**Task prompt:**
Please restate each entry that appears below word for word, without its pictures.

Saved entries:
□ □ □

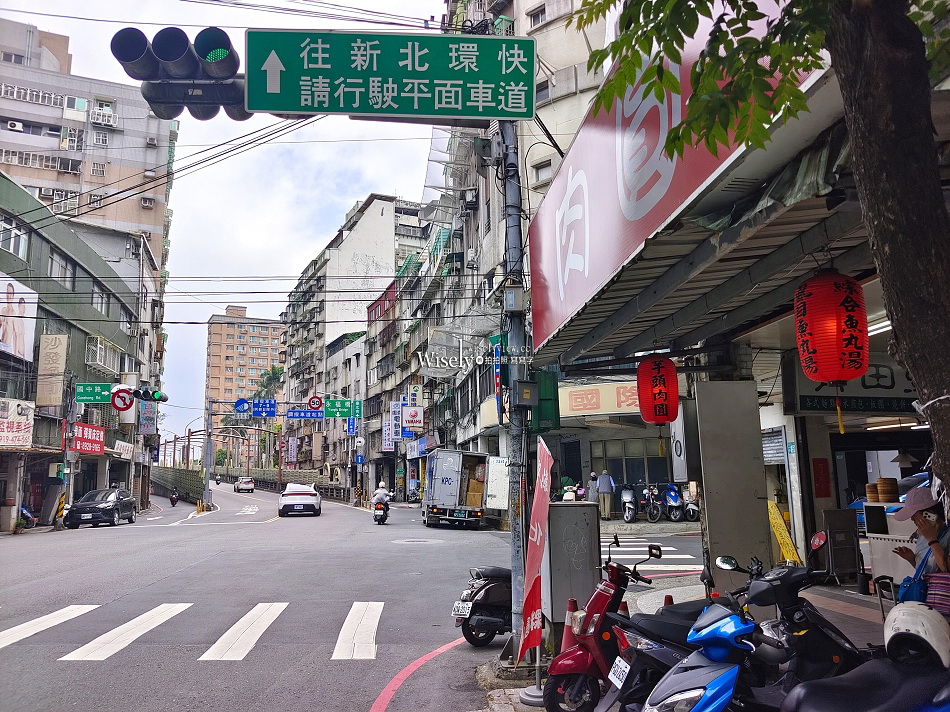 好客肉圓店永和店︱福和橋頭彰化肉圓︱油炸口味用料實在︱香芋油粿也好吃 好客肉圓店永和店︱福和橋頭彰化肉圓︱油炸口味用料實在︱香芋油粿也好吃
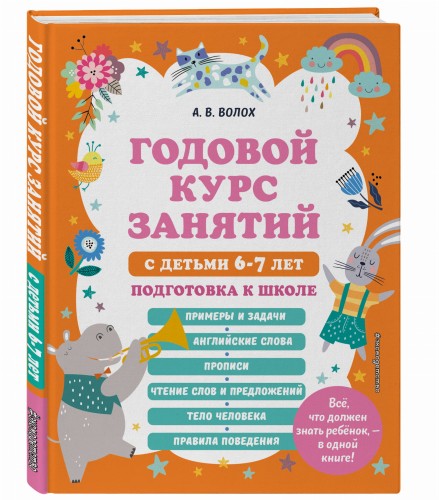 Годовой курс занятий с детьми 6-7 лет. Подготовка к школе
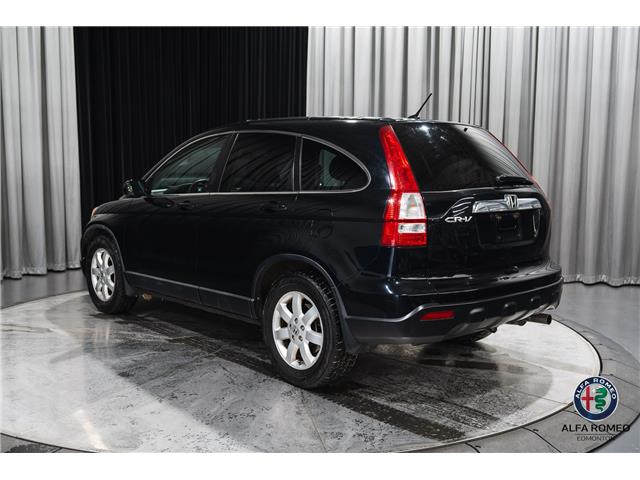 2008 Honda CR-V EX-L (Stk: ARE0245B) in Edmonton - Image 3 of 20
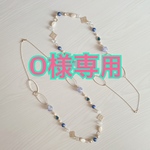 O様専用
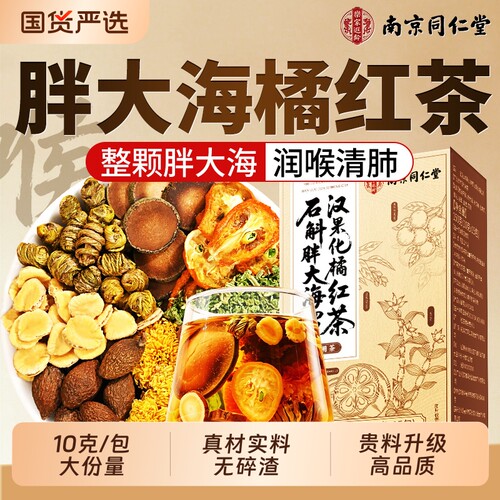 同仁堂胖大海润喉茶|千人加购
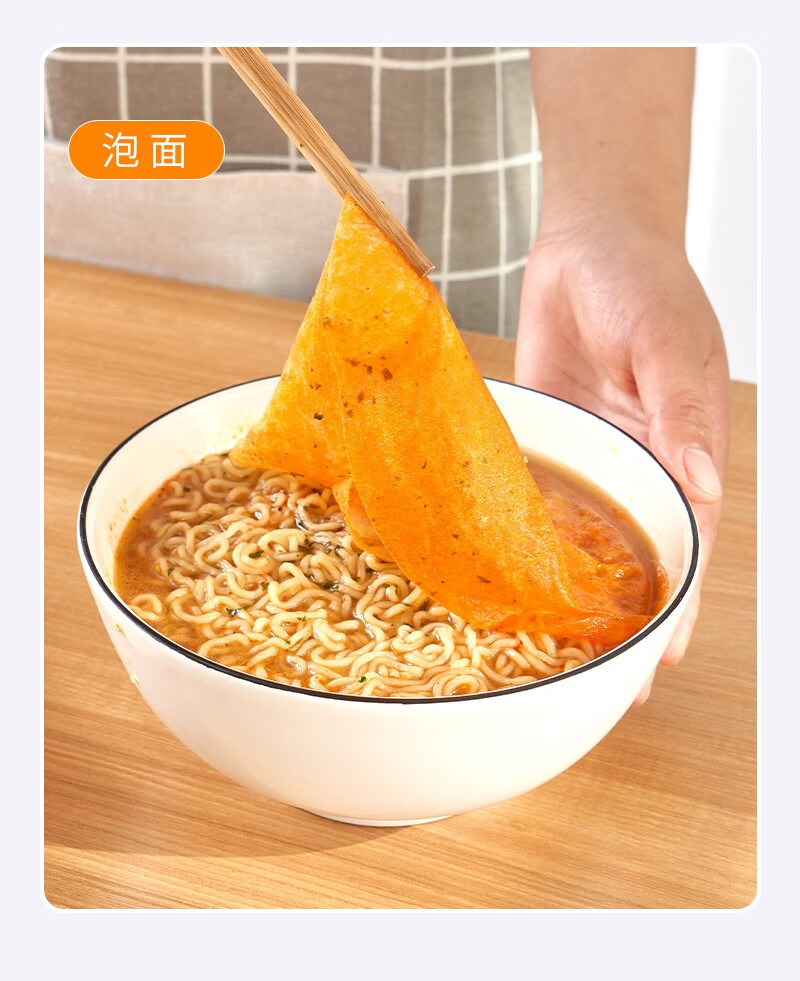 煮炖油炸食品烘焙吸油膜专用去油浮沫过滤油纸120片火锅煲汤吸油膜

□ □ □

**Problem solution:**
 好客肉圓店永和店︱福和橋頭彰化肉圓︱油炸口味用料實在︱香芋油粿也好吃 好客肉圓店永和店︱福和橋頭彰化肉圓︱油炸口味用料實在︱香芋油粿也好吃
 Годовой курс занятий с детьми 6-7 лет. Подготовка к школе
 2008 Honda CR-V EX-L (Stk: ARE0245B) in Edmonton - Image 3 of 20
 O様専用
 同仁堂胖大海润喉茶|千人加购
 煮炖油炸食品烘焙吸油膜专用去油浮沫过滤油纸120片火锅煲汤吸油膜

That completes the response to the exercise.